Marker Title: Site of Uribeño.
City: Zapata vicinity
County: Zapata
Year Marker Erected: 2001
Marker Location: 4 miles north of Zapata on US 83 right-of-way
Marker Text: One of five Zapata County settlements inundated by the waters of Falcon Reservoir in the 1950s, Uribeño traces its origin to 1803, when Porción 41 was granted to José Nicolás Clemente Gutiérrez de Lara (1770-1805) for his service in the Spanish army. As required by the terms of the grant, José Nicolás Clemente worked to establish a ranch on his property against the odds of Indian raids, scorching heat, drought and periodic river flooding. He returned to his hometown of Revilla in Mexico just prior to his death, leaving behind his widow, María Josefa Martínez, and six children. Development of the ranch on Porción 41 was delayed until after Mexico won its independence from Spain in 1821. After the war, some of José Nicolás Clemente's sons returned to the ranch; by 1826 all of his children had married and moved to the ranch, which was named Uribeño. By 1860, the population of the Uribeño community, which took its name from the Gutiérrez ranch, was 152. Located about two miles west of this site, it was a small, poor community, comprised primarily of farmers, herdsmen and laborers. Although no permanent church existed, visiting priests periodically held worship services. A cemetery, a schoolhouse and a small grocery store existed to serve the residents. When the United States government built Falcon Dam, Uribeño met the same fate as its neighboring towns, but its residents chose not to move the community to another site before the waters flooded the town.
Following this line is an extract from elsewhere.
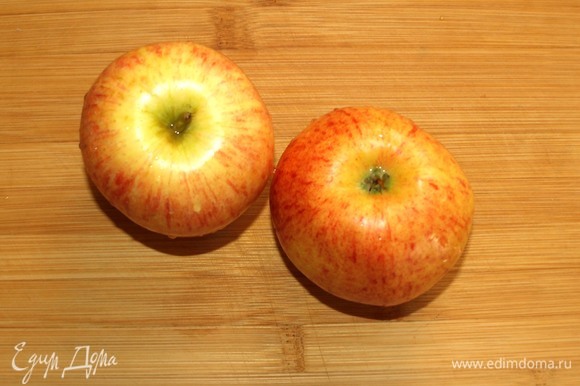 Яблоки нарезать маленькими кусочками. Количество яблок указано в нарезанном виде.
Only the cemetery was relocated to serve as a physical reminder of this early border community. (2001)

Zapata County

Marker Title: Zapata County
Address: US 83, NW of Zapata
City: Zapata
County: Zapata
Year Marker Erected: 1936
Marker Location: From Zapata, take US 83 about 5 miles NW.
Marker Text: Formed from Webb and Starr counties; created January 22, 1858; organized April 26, 1858; named in honor of Antonio Zapata, a pioneer stockman of the region, supporter of the Republic of the Rio Grande; county seat, Carrizo, 1858; name later changed to Zapata.